Additional resources and electronic supplementary material: supplementary material

Submitted: 12 December 2023
Accepted: 05 January 2024
Copyedited by: Shino Magaki
Published: 10 January 2024

https://doi.org/10.17879/freeneuropathology-2024-5226

Keywords: Pituitary, Classification, Machine learning, Statistical learning

Abstract

The World Health Organization classification of pituitary tumors provides a framework for pathologists and researchers to classify pituitary adenomas. From the perspective of a practicing pathologist, this classification can be improved by pooling immunohistochemical data in a more standardized way, and by deliberately distinguishing features that assist in classification from those that do not. This article illustrates one general workflow to examine classification features consisting of immunohistochemical stains for anterior pituitary tumors, in order to promote debate and advance an evidence-based framework for classification.

Introduction: opportunities for improvement

Every pathologist spends their career building or adapting tools to better characterize the diseases encountered in their practice. For neoplasms, this often begins by becoming familiar with the microscopic spectrum of the disease, the demographics of commonly affected individuals, and common clinical presentations. Consciously or unconsciously, we build a list of features that we find useful in classifying a disease, and then move on to refine the classification or provide additional prognostic or predictive information.

To use personal experience alone in the diagnosis of disease is treacherous, since neoplasms overlap in appearance and human judgement is fraught with various cognitive biases (1). Generalizations and simple heuristics can be helpful, but data are necessary to test our assumptions and to develop better tools for classification.

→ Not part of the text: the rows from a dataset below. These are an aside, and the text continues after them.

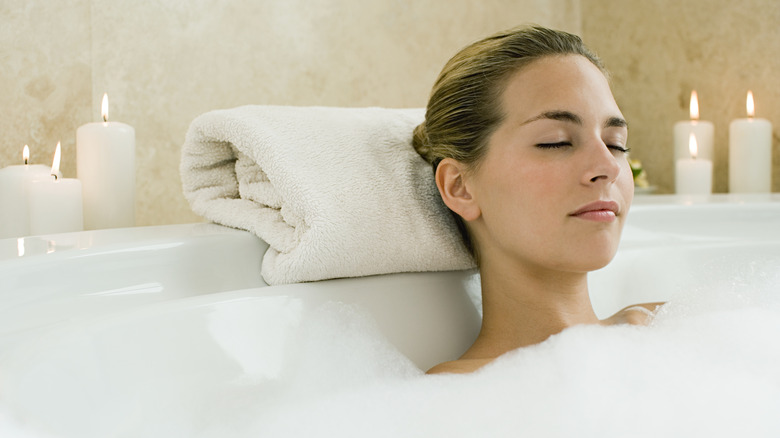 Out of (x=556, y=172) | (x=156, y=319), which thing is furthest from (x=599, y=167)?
(x=156, y=319)

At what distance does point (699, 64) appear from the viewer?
1.88 m

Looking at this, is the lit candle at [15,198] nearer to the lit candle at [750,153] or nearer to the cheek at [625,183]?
the cheek at [625,183]

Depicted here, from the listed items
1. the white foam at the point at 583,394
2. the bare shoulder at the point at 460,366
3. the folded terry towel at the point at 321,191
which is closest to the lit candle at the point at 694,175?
the white foam at the point at 583,394

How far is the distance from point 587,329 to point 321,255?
1.12ft

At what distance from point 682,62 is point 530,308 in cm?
126

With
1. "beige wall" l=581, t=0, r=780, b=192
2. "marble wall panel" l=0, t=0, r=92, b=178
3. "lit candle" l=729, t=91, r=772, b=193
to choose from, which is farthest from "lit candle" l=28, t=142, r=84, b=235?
"beige wall" l=581, t=0, r=780, b=192

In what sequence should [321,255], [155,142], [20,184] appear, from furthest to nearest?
1. [155,142]
2. [20,184]
3. [321,255]

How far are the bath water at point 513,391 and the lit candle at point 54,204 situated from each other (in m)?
0.44

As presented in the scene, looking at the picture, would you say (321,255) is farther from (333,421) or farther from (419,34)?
(419,34)

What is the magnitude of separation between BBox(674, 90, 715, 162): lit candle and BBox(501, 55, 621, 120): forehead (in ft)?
3.06

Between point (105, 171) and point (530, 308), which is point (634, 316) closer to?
point (530, 308)

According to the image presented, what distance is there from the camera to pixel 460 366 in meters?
0.85

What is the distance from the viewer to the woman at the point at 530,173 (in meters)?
0.84

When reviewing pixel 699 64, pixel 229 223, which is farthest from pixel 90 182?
pixel 699 64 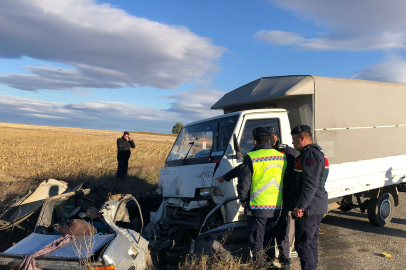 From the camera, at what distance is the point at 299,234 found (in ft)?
11.5

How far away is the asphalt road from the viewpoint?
4.56 m

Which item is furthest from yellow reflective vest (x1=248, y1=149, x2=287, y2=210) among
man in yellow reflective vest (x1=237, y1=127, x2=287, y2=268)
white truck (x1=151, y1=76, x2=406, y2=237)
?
white truck (x1=151, y1=76, x2=406, y2=237)

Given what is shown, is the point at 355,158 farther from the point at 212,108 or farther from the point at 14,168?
the point at 14,168

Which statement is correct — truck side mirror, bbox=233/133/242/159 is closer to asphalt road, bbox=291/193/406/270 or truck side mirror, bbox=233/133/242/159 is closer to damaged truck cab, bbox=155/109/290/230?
damaged truck cab, bbox=155/109/290/230

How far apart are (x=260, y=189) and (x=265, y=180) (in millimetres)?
114

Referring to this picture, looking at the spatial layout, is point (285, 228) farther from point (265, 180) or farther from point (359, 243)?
point (359, 243)

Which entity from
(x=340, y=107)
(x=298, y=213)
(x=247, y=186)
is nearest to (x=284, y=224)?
(x=298, y=213)

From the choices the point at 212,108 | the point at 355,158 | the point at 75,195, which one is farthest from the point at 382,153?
the point at 75,195

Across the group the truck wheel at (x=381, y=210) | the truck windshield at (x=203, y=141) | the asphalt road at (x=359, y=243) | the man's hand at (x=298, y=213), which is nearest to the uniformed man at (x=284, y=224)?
the man's hand at (x=298, y=213)

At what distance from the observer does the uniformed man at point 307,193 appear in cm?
330

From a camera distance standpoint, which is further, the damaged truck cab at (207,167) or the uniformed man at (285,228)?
the damaged truck cab at (207,167)

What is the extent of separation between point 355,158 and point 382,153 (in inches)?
36.4

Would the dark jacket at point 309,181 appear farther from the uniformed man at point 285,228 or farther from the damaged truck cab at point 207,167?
the damaged truck cab at point 207,167

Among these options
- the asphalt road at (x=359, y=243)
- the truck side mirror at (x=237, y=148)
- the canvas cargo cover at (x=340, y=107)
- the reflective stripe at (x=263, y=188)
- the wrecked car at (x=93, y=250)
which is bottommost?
the asphalt road at (x=359, y=243) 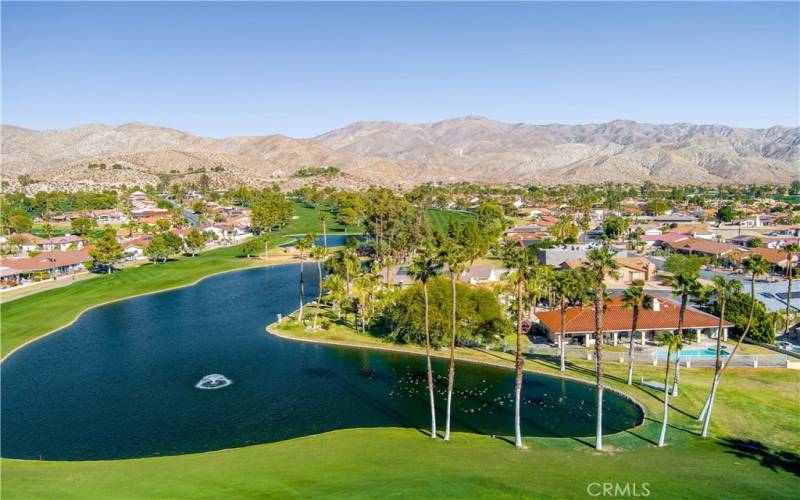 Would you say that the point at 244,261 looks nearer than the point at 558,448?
No

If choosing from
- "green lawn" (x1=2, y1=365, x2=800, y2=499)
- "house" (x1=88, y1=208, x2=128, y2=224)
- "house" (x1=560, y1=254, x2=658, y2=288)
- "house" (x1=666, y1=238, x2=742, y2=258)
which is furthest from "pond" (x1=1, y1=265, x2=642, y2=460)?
"house" (x1=88, y1=208, x2=128, y2=224)

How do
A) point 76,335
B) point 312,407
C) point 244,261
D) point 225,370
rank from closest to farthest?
point 312,407
point 225,370
point 76,335
point 244,261

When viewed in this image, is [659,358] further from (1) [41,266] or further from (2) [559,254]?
(1) [41,266]

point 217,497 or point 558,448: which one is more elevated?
point 217,497

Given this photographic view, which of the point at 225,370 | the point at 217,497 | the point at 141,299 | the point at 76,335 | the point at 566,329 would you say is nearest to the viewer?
the point at 217,497

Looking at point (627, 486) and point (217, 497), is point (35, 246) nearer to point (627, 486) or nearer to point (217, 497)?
point (217, 497)

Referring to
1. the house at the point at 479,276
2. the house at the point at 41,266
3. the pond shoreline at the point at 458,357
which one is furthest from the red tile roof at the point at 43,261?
the house at the point at 479,276

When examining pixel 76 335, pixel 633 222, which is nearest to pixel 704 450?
pixel 76 335

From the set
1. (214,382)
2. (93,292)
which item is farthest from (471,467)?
(93,292)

Ideally, the World Health Organization (WHO) 5th Edition pituitary tumor classification (2) would provide pathologists with a solid evidence-based classification to aid in diagnosis. However, the current system has several shortcomings that hinder its ability to accurately and reproducibly classify pituitary adenomas, including:

  • Failure to carefully distinguish between features used for classification and other descriptive variables, some of which may have a role in estimating prognosis or predicting response to therapy. Among the first tasks of the pathologist is to decide which ancillary tests to perform for accurate tumor classification. Other testing may be employed, but our first goal is typically to classify the disease in question.
  • Fuzzy language as to what constitutes a positive test. Statements offering clarification as to what constitutes "limited", "variable", or "focal" immunoreactivity are not provided.
  • Unproven claims about the distribution of presumably continuous variables, specifically cellular maturity, acidophilia, or cytoplasmic granularity. Ask yourself "On what scale do we measure maturity, or acidophilia, or granularity?". These variables are so subjective as to be unhelpful in most circumstances. Apart from sparsely granulated somatotroph adenomas—where fibrous bodies have been cataloged and are used as a proxy for granularity (3)—the spectrum of granularity in lactotroph or corticotroph adenomas has not been sufficiently delineated. While granularity might be essentially bimodal in somatotroph adenomas, other adenoma lineages or classes are not necessarily bimodal.
  • Literature lacking negative controls. Negative control groups permit the calculation of specificity. Without adequate negative controls, the resulting lack of context makes claims about ultrastructural findings, for instance, spheridia (4), impossible to validate. Multilineage and plurihormonal tumors show fuzzy boundaries between and within tumor lineages, further underscoring the importance of negative controls. To wit, how useful is a marker like alpha subunit if it can appear—or not appear—in any lineage? We cannot currently answer this with any statistical rigor.
  • Unsubstantiated generalizations. For instance, for mature plurihormonal PIT1 lineage adenoma, a blanket statement that they are "positive for ER and GATA3" is based on a single reference that includes only a handful of such tumors (5). Conversely, we are forced to content ourselves with overly general statements that invite greater precision; for instance, "most" immature PIT1 lineage adenomas are said to express alpha subunit, ER, and GATA3. Surely data can be cited that would improve this broad generalization.
  • Small numbers. Claims made about the role of GATA3 immunohistochemistry (IHC) in PIT1 lineage tumors are particularly concerning. Only a handful of citations with primary GATA3 data are included (5-7), with just Mete et al. (5) showing GATA3 immunoreactivity in 10 of 53 PIT1 lineage tumors examined. Furthermore, GATA3 immunopositivity was defined in that series as greater than or equal to 5% of neoplastic cells, a very permissive cutoff. Merely 3 PIT1 lineage adenomas showed diffuse immunoreactivity in that series (5).
  • Poorly supported ultrastructural arguments. For instance, small mitochondria were encountered in 6 of 15 of the early series of acidophil stem cell adenoma by Horvath et al. (8); given the wide spectrum of possible findings in acidophil stem cell adenoma, it is unclear, then, which additional features would prove useful in supporting this particular tumor type.
  • Confusion between "plurihormonal" and "multilineage". Using the WHO 5th edition classification, it is currently possible to diagnose a plurihormonal tumor with only a single positive hormone stain. Conversely, multiple synchronous tumors within the same lineage are occasionally encountered in clinical practice, but do not appear to fit within the group "multiple synchronous adenomas of distinct lineages".
  • Failure to address technical hurdles like marker co-expression, which is especially important in PIT1 lineage tumors. Is dual or multiplex IHC necessary to establish the diagnosis of mammosomatotroph tumors, for instance? Must we use electron microscopy? If we must resort to electron microscopy, what is the sensitivity and specificity of the relevant ultrastructural findings? While WHO committees do not endorse particular tests, marker co-expression is a fundamental feature of pituitary adenoma classification that needs to be addressed.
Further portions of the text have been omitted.